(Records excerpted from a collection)
———

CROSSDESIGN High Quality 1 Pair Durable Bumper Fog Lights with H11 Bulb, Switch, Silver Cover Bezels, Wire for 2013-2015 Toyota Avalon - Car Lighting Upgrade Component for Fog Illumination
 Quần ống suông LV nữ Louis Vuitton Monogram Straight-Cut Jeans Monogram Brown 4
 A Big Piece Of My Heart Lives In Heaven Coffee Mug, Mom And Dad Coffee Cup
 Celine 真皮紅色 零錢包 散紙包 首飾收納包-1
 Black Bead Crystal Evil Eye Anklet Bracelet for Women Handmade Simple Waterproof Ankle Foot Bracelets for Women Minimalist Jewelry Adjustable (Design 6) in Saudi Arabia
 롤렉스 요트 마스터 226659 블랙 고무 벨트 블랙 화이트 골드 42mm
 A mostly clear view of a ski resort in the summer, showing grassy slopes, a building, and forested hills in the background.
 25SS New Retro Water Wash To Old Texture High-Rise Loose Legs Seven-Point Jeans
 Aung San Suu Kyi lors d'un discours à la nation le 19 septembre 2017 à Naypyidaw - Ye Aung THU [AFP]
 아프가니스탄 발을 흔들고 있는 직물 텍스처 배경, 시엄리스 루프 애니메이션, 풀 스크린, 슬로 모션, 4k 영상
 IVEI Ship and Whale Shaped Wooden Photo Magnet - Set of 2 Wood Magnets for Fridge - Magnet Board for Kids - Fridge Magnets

———

▸ What to do: Out of the data above, set down the lines from the one with "A Big Piece" to the one with "A mostly clear", both included, exactly as written and with no additions.

▸ Answer to this problem:
 A Big Piece Of My Heart Lives In Heaven Coffee Mug, Mom And Dad Coffee Cup
 Celine 真皮紅色 零錢包 散紙包 首飾收納包-1
 Black Bead Crystal Evil Eye Anklet Bracelet for Women Handmade Simple Waterproof Ankle Foot Bracelets for Women Minimalist Jewelry Adjustable (Design 6) in Saudi Arabia
 롤렉스 요트 마스터 226659 블랙 고무 벨트 블랙 화이트 골드 42mm
 A mostly clear view of a ski resort in the summer, showing grassy slopes, a building, and forested hills in the background.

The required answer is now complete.